The regex appears to take a raw string (r""") and looks for many 'x suffixes using many regex "or" symbols (|). 

We see then see " ?\p{L}+" which allows an optional space followed by one or more letters of any kind from any language. 

" ?\p{N}+" means an optional space followed by any kind of numeric character in any script. 

We then see " ?[^\s\p{L}\p{N}]+" where we get another optional space followed by something that is not a letter or number, essentially trying to match punctuation. Lastly we see "\s+(?!\S)|\s+" which uses a **negative lookahead assertion** to match white space up to *but not including* the last white space character. 

Regex patterns like this one are one way you can enforce rules prohibiting certain kinds of merges when it comes to chunking the text.  

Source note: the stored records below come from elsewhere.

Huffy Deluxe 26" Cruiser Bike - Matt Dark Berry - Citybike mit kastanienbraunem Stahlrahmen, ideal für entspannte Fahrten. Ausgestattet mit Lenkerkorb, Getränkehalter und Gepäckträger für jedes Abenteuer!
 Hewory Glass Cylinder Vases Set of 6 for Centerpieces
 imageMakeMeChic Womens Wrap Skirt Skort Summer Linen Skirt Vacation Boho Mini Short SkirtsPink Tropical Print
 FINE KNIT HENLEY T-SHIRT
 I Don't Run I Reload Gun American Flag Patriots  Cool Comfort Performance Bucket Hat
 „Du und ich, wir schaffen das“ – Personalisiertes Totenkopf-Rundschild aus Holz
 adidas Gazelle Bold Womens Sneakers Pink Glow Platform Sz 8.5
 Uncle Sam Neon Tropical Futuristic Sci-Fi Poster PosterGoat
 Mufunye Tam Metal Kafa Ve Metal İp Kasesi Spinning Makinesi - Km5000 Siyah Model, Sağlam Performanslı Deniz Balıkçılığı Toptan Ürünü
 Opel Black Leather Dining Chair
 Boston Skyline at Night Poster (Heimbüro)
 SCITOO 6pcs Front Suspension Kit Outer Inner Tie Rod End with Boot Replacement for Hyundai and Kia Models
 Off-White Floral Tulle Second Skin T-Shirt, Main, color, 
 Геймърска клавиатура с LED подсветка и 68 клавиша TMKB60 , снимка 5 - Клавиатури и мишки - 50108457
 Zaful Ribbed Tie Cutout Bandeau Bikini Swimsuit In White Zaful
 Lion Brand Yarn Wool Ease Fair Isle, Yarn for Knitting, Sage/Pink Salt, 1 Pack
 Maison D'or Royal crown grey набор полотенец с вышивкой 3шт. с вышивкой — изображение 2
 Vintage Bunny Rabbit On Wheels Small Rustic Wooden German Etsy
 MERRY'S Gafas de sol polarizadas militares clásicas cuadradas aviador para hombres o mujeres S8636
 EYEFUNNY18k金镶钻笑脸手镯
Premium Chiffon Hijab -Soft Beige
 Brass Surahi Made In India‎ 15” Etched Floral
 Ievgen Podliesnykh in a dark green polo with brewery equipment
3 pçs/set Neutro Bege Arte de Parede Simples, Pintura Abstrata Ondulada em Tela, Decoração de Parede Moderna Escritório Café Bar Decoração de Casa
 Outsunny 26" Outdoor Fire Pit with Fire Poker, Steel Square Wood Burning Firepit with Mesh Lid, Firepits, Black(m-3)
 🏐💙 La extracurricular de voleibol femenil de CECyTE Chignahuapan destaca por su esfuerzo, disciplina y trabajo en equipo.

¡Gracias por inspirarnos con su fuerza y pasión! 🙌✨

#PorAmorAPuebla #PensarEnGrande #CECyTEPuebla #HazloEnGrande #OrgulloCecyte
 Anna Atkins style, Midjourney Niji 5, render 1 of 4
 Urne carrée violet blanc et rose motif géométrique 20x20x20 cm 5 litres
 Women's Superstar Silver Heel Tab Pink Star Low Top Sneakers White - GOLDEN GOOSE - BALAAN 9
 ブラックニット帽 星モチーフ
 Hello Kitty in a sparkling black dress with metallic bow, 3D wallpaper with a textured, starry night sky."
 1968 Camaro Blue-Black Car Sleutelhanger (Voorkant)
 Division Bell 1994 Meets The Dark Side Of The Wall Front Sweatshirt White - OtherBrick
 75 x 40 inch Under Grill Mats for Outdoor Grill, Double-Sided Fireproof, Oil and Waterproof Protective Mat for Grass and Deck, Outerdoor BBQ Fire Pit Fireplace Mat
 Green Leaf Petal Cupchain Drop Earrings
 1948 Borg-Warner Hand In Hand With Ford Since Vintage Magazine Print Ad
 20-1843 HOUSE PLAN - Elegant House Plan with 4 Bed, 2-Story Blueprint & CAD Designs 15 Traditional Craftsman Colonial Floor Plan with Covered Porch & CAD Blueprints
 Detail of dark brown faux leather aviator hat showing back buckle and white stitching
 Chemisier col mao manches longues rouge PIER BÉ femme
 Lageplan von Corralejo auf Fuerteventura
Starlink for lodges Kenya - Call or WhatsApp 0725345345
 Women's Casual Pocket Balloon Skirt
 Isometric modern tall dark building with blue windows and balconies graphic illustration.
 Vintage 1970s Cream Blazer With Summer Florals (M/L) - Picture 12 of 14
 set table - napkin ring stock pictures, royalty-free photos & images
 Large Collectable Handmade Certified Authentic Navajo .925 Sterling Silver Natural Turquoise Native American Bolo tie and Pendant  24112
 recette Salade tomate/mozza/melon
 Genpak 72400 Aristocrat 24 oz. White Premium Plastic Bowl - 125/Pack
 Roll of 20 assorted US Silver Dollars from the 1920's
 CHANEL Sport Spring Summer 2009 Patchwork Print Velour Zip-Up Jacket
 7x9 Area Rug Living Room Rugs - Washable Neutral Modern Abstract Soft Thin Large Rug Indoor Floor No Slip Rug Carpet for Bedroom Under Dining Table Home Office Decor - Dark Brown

It's important to notice that OpenAI comment in their code that they "Should haved added re.IGNORECASE so BPE merges can happen for capitalized versions of contractions" because their regex pattern only matches for the lowercase conditions that they wrote. Moreover the fundamental use of apostrophes is potentially english-language specific, but I've not rigourously investigated this enough to determine how severe of a limitation it is in practice. 

In [32]:
example = """
for i in range(1, 101):
    if i % 3 ==0 and i % 5 == 0:
        print("FizzBuzz")
    elif i % 3 == 0:
        print("Fizz")
    elif i % 5 == 0:
        print("Buzz")
    else:
        print(i)
"""
print(re.findall(gpt2pat, example))

['\n', 'for', ' i', ' in', ' range', '(', '1', ',', ' 101', '):', '\n   ', ' if', ' i', ' %', ' 3', ' ==', '0', ' and', ' i', ' %', ' 5', ' ==', ' 0', ':', '\n       ', ' print', '("', 'FizzBuzz', '")', '\n   ', ' elif', ' i', ' %', ' 3', ' ==', ' 0', ':', '\n       ', ' print', '("', 'Fizz', '")', '\n   ', ' elif', ' i', ' %', ' 5', ' ==', ' 0', ':', '\n       ', ' print', '("', 'Buzz', '")', '\n   ', ' else', ':', '\n       ', ' print', '(', 'i', ')', '\n']


In practice, OpenAI did enforce some sort of rule to prevent the merging of these space chunks when they trained their tokenizer for gpt-2. Unfortunately, they are not very clear about how they implemented said rule as the training code has yet to ever be released. One can see this is the case by going to `https://tiktokenizer.vercel.app/`, selecting gpt-2 encodings, and noticing that spaces are individually tokenized. 

## Tiktoken 

In [33]:
import tiktoken

# GPT-2 (does not merge spaces)
enc = tiktoken.get_encoding("gpt2")
print(enc.encode("    hello world!!!"))

# GPT-4 (merges spaces)
enc = tiktoken.get_encoding("cl100k_base")
print(enc.encode("    hello world!!!"))

[220, 220, 220, 23748, 995, 10185]
[262, 24748, 1917, 12340]


Tiktoken is OpenAI's official tokenizer, and `cl100k_base` is the one used for GPT-4. Unfortunately again, OpenAI has only published tiktoken's inference code and not its training code. They also changed the regex pattern:

In [34]:
import regex as re
gpt4pat = re.compile(r"""'(?i:[sdmt]|ll|ve|re)|[^\r\n\p{L}\p{N}]?+\p{L}+|\p{N}{1,3}| ?[^\s\p{L}\p{N}]++[\r\n]*|\s*[\r\n]|\s+(?!\S)|\s+""")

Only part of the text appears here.